By the final day of discovery, after the last little hand had gone up in the back of the room, a projected deficit of roughly 7 billion euros was actually more than 30 billion. The natural question—How is this possible?—is easily answered: until that moment, no one had bothered to count it all up. “We had no Congressional Budget Office,” explains the finance minister. “There was no independent statistical service.” The party in power simply gins up whatever numbers it likes, for its own purposes.

Once the finance minister had the numbers, he went off to his regularly scheduled monthly meetings with ministers of finance from all the European countries.
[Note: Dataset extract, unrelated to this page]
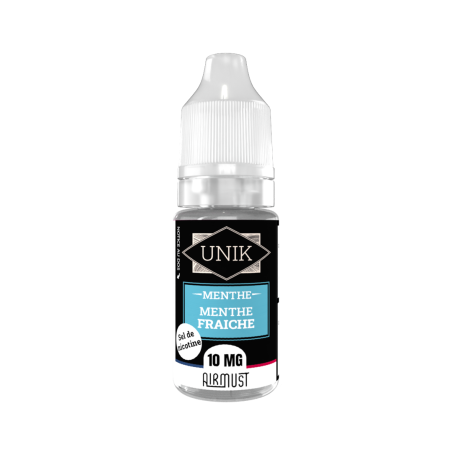 Unik • Menthe Fraîche • Sel de Nicotine 10ml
As the new guy, he was given the floor. “When I told them the number, there were gasps,” he said. “How could this happen? I was like, You guys should have picked up that the numbers weren’t right. But the problem was I sat behind a sign that said GREECE, not a sign that said, THE NEW GREEK GOVERNMENT.” After the meeting the Dutch guy came up to him and said, “George, we know it’s not your fault, but shouldn’t someone go to jail?”

As he finishes his story the finance minister stresses that this isn’t a simple matter of the government lying about its expenditures. “This wasn’t all due to misreporting,” he says. “In 2009, tax collection disintegrated, because it was an election year.”

“What?”

He smiles.

“The first thing a government does in an election year is to pull the tax collectors off the streets.”

“You’re kidding.”

Now he’s laughing at me. I’m clearly naïve.
Wow. HT: Marginal Revolution [Update: autoqueued when Tyler first posted, now everybody's pointing to it. Oh well.]

Single favourite line:
“every single member of the Greek Parliament is lying to evade taxes.”
The Germans must love paying for this.

Read the whole thing, seriously. How does Greece get out of this mess? Can anything save a civic culture this broken?

1 comment:

  1. you can see that collectivism is the essence of modern Greek culture as described by Lewis.

    Greece still has a choice to continue on their path or reverse course. Both theory and practice are clear as to what will happen in either case.

    The west once underwent a Renaissance by rediscovering the ideas and culture of Ancient Greece. Perhaps, this time, we can start a Renaissance by discovering the terrible ideas and culture of modern Greece!